We’ve in effect gained no advantage in terms of rollout speed from having several extra months to prepare — and that was before last week’s debacle with the AstraZeneca vaccine.
The spin on the speed of the rollout is a lot like the way the government insists on reporting carbon emissions per head of population rather than Australia’s overall emissions, as if the laws of physics will give us a waiver for population growth.
As for the “uncertainty” that Morrison blames for his now being unable to offer any meaningful schedule, the government has known all along of the risks it faced with its vaccine strategy, particularly from vaccine nationalism in producing countries and the dangers of relying too heavily on a small number of vaccines. “We are putting all our eggs in one basket,” Labor’s then-health spokesman Chris Bowen warned all the way back in August last year about the government’s approach.
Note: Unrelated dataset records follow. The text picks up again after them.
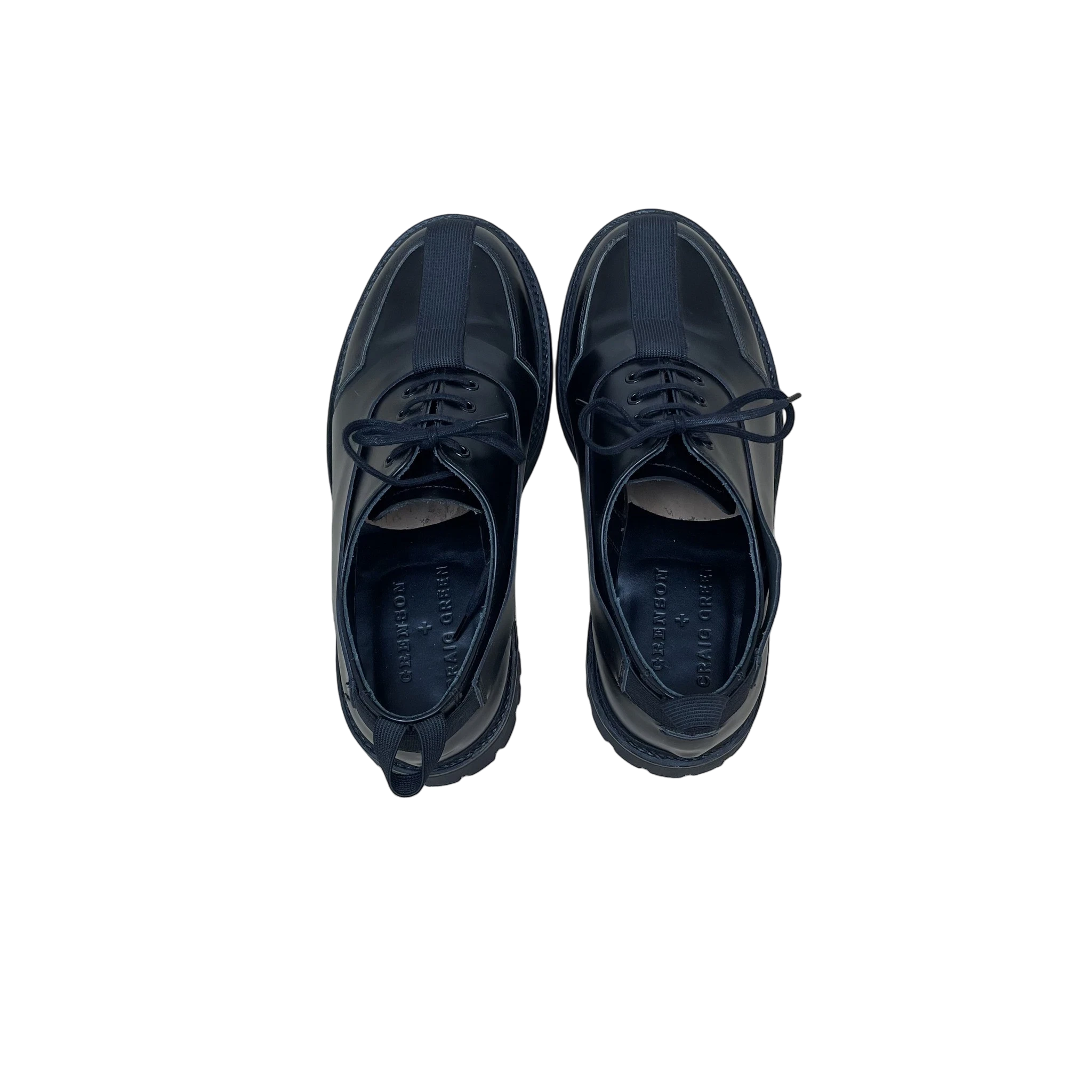 Zenno Archive Craig Green x Grenson black leather Oxford Derby shoes with central webbing detail and lace-up closure.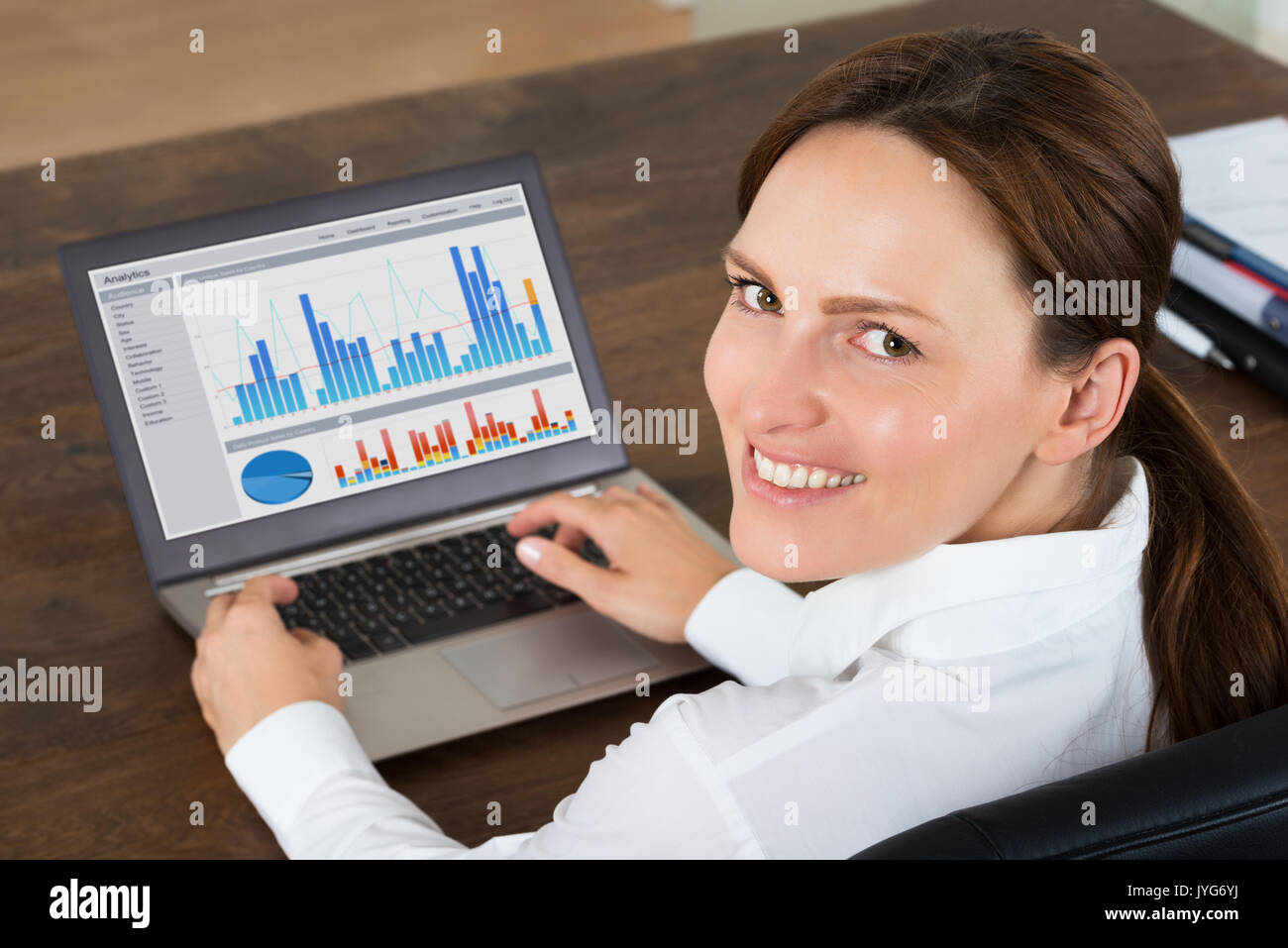 Happy Businesswoman Working With Graphs On Laptop At Desk Stock Photo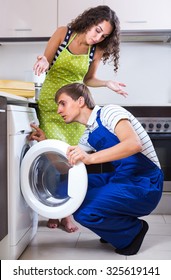Serviceman checking broken washing machine at the kitchen of young female client 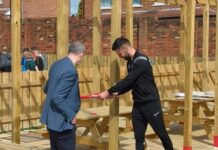 Community Garden opening rounds off Easter activities Club captain, Ben Trotter is accompanied by club chairman, David Dent as he cuts the ribbon to officially open the Shildon AFC Community Garden and, below, the children enjoyed their Easter activities. Words and pictures: shildonafc.com.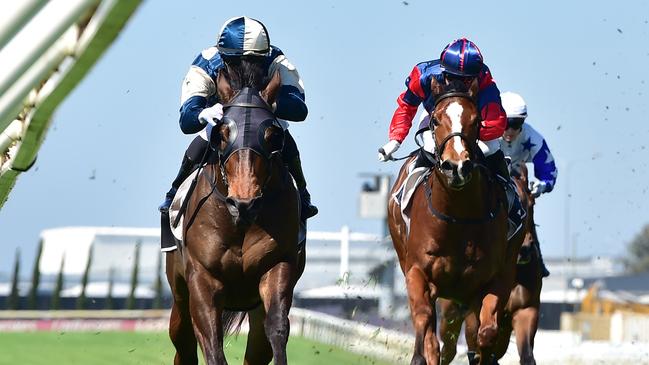 Kyle Wilson-Taylor rides Odinson (left) to victory at Doomben for trainer Ciaron Maher and owner Ozzie Kheir. Picture: Grant Peters/Trackside Photography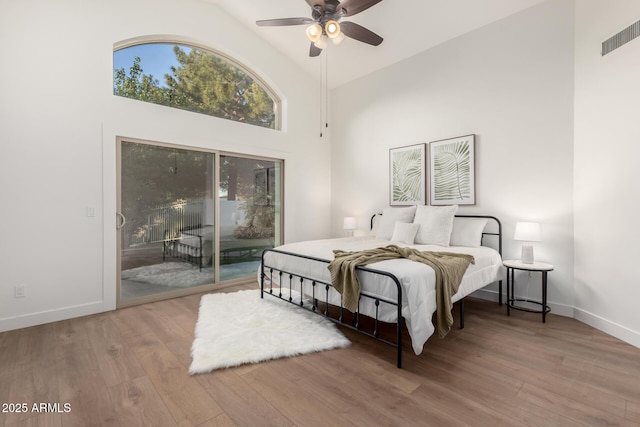 bedroom with access to outside, high vaulted ceiling, wood finished floors, and baseboards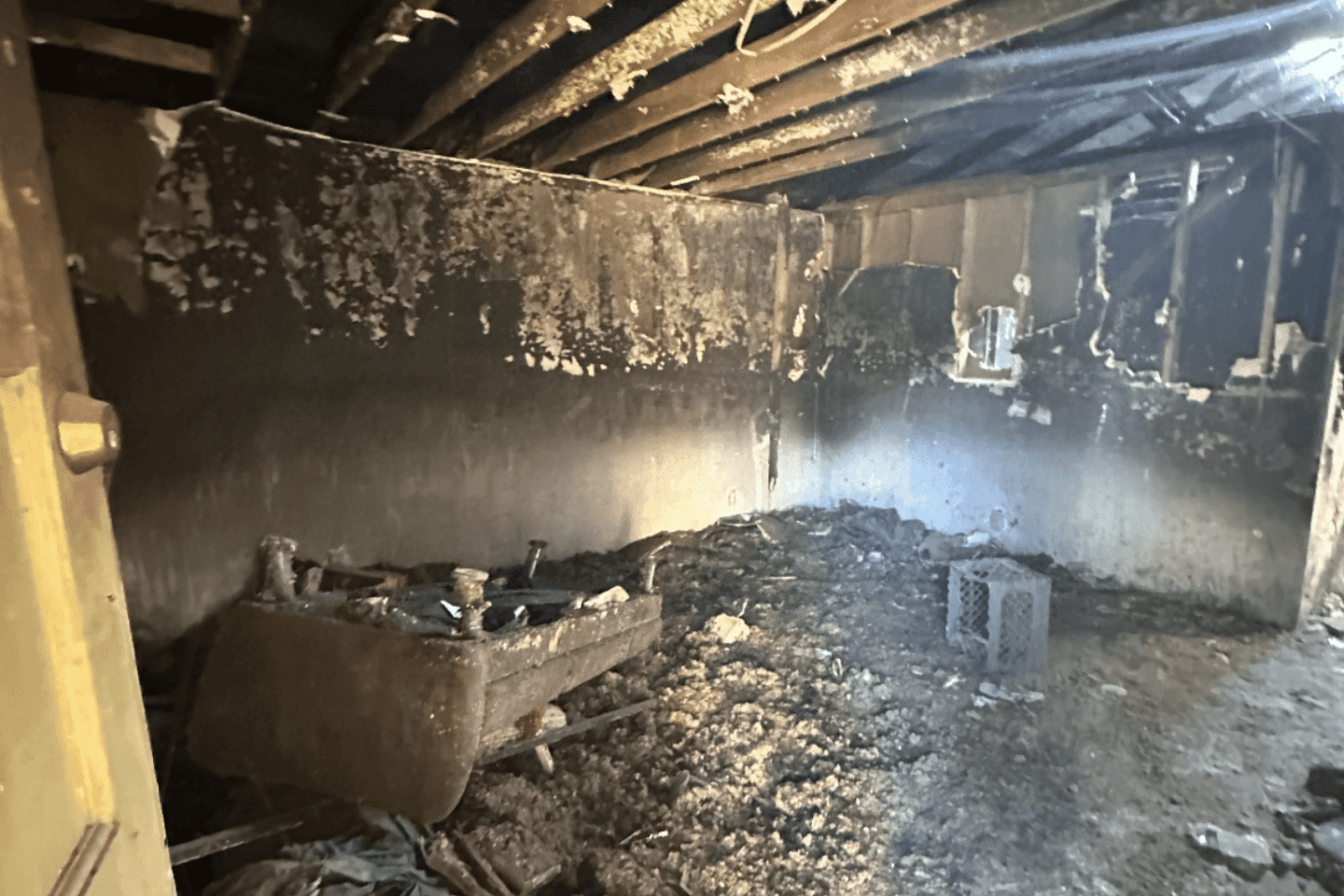 Room with severe fire damage; walls and ceiling are blackened, debris and charred remains of furniture cover the floor.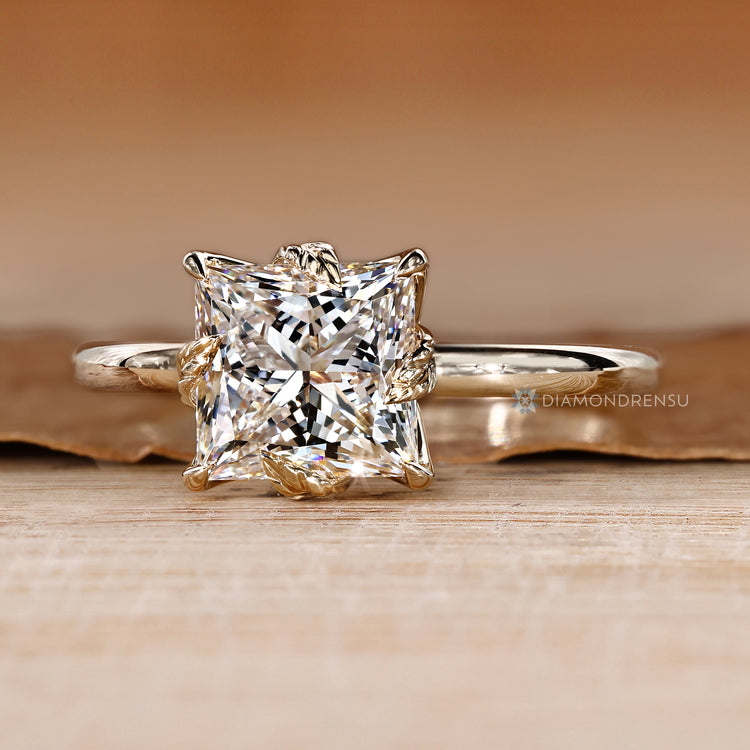 Princess cut engagement ring with nature inspired design.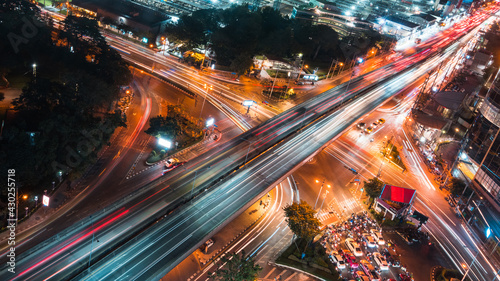 Fototapeta Naklejka Na Ścianę i Meble -  Car traffic transportation on road, bridge at junction intersection in Asia urban city, night cityscape high angle view, long exposure light trail. Asian city life, people transport lifestyle concept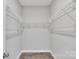 Walk-in closet featuring simple white shelving and neutral paint at 1102 Grady St, Salisbury, NC 28144
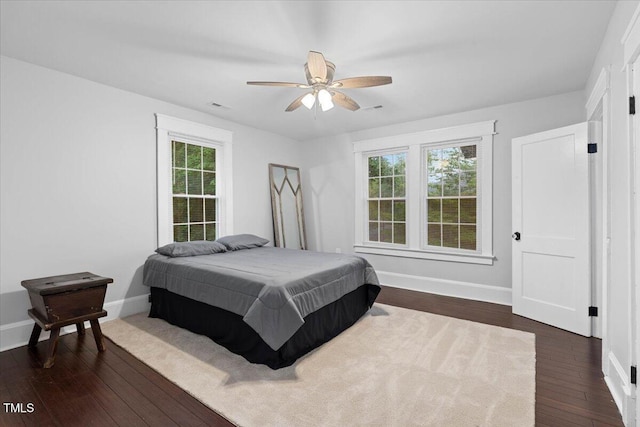 bedroom featuring baseboards, ceiling fan, dark wood-style flooring, and visible vents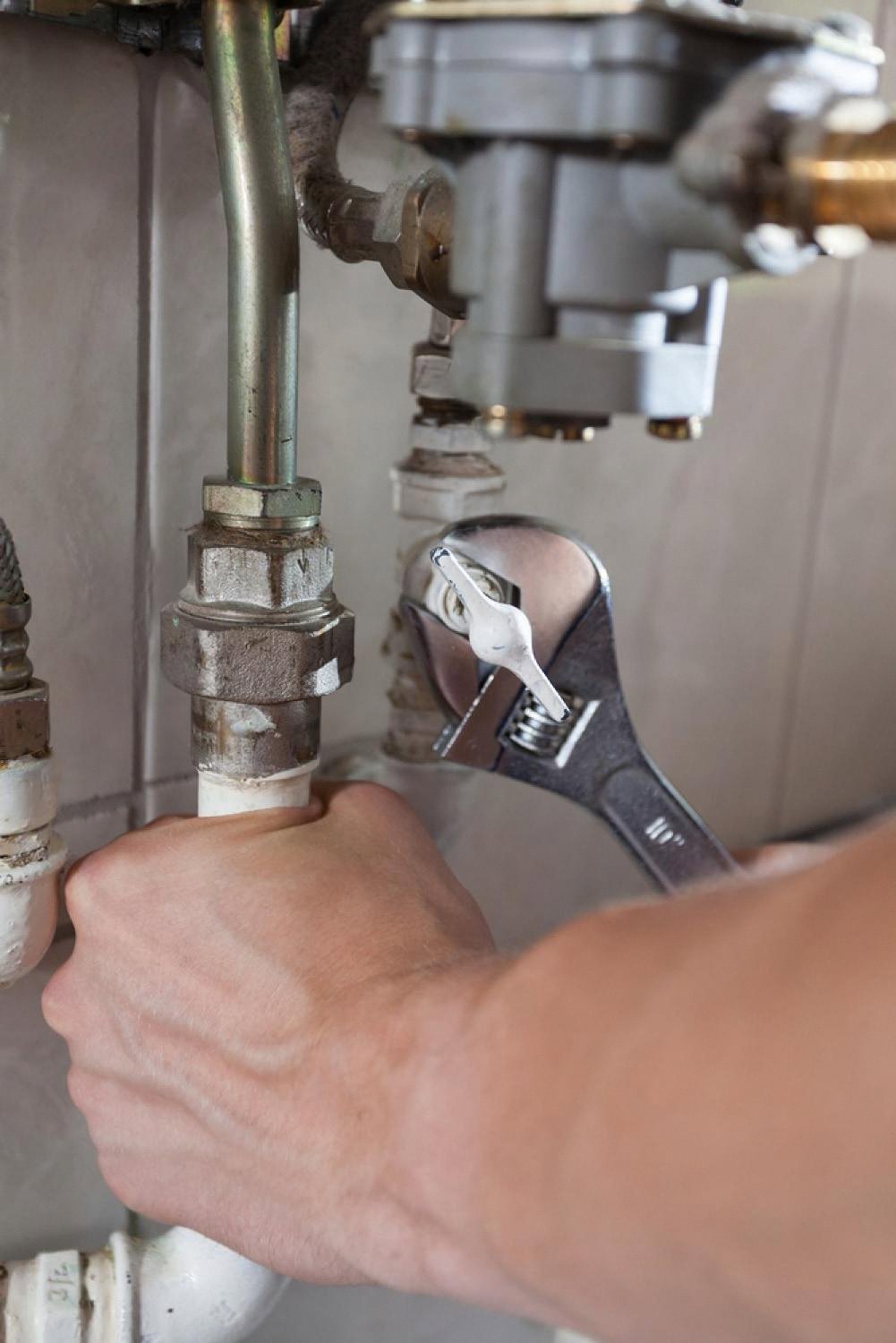 Plumber tightening a leaking under-sink pipe with an adjustable wrench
Now we’re stuck with the consequences of over-relying on AstraZeneca and Pfizer.
Instead, it is economic uncertainty that we must deal with: no border reopening until sometime in 2022, constant threats of lockdown, persisting lack of investment because businesses remain uncertain about likely demand, continuing impacts on tourism and higher education (two of our big export industries), and the longer-term impact on demand of preventing migration for another six months or more. And all while the government is withdrawing fiscal stimulus.
The IMF’s take on Australia’s and the global economy is that we’re world champions to this point because of our capacity to lock down our borders and our fiscal and monetary policy strategies, but we’re going to be left behind as economies like the US and the UK reopen and kick into gear. And that was before the rollout delay that means uncertainty for the rest of the year here.
Morrison will need another dodgy graph to explain away that costly economic gap.